(Data excerpts)
┌────────

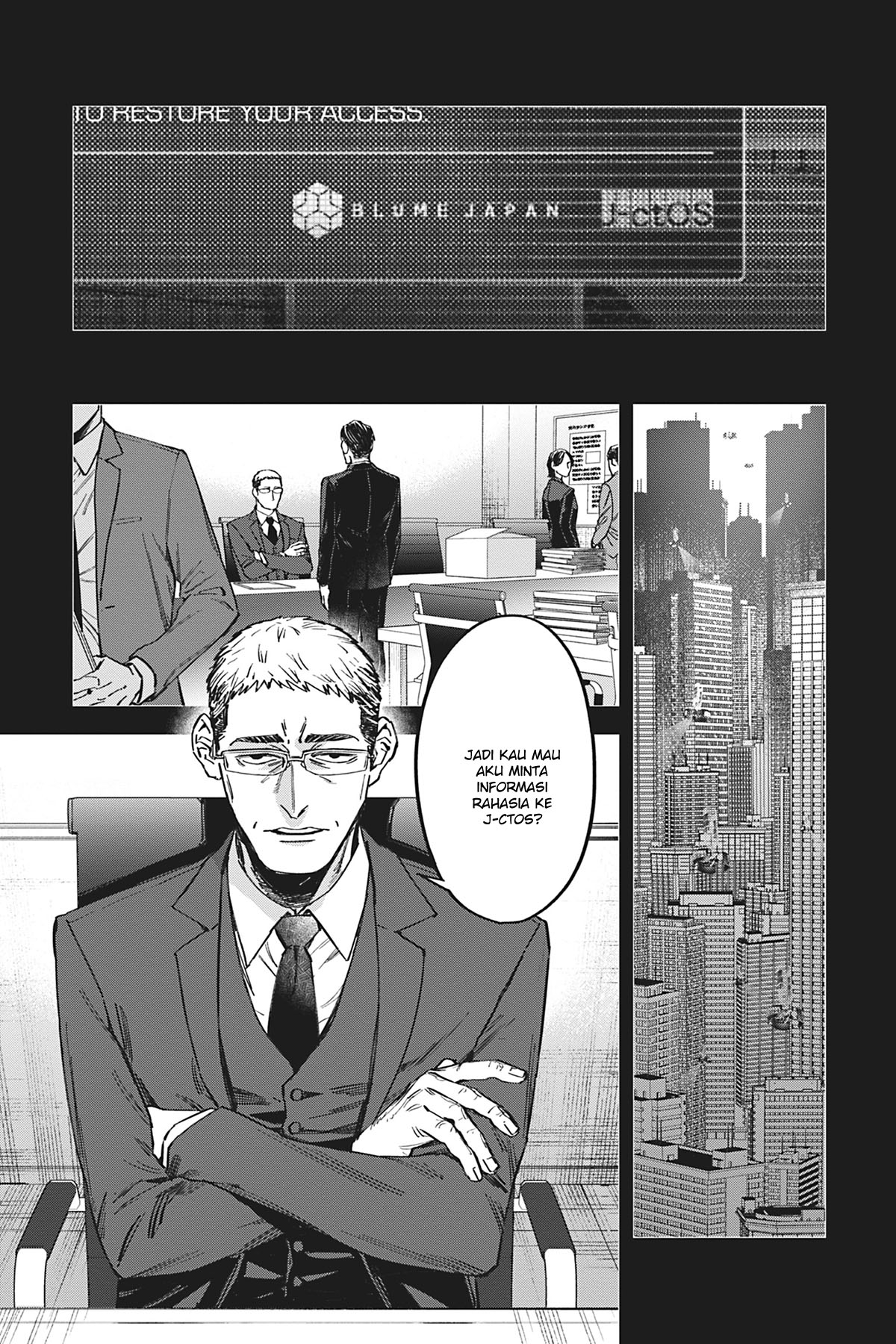 Chapter 4 - halaman 12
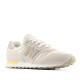 Zapatillas urban New Balance 373 moonbeam linen mujer - Querol online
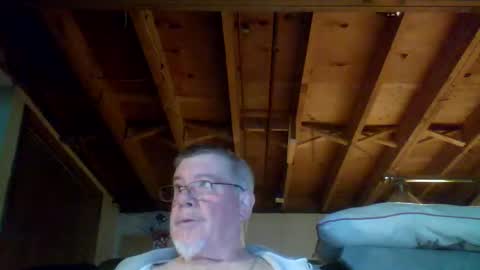 mrblade666 online show from May 3, 11:16 am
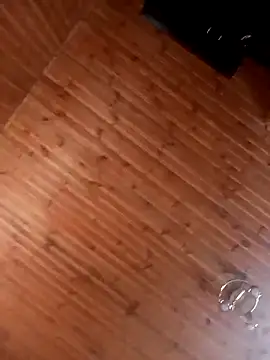 yatshen live sex cam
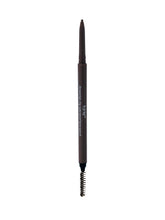 Amazonian clay waterproof brow pencil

└────────

What the task asks: Leaving the pictures out, transcribe the entries above exactly as written.

Result of the task:
 Chapter 4 - halaman 12
 Zapatillas urban New Balance 373 moonbeam linen mujer - Querol online
 mrblade666 online show from May 3, 11:16 am
 yatshen live sex cam
 Amazonian clay waterproof brow pencil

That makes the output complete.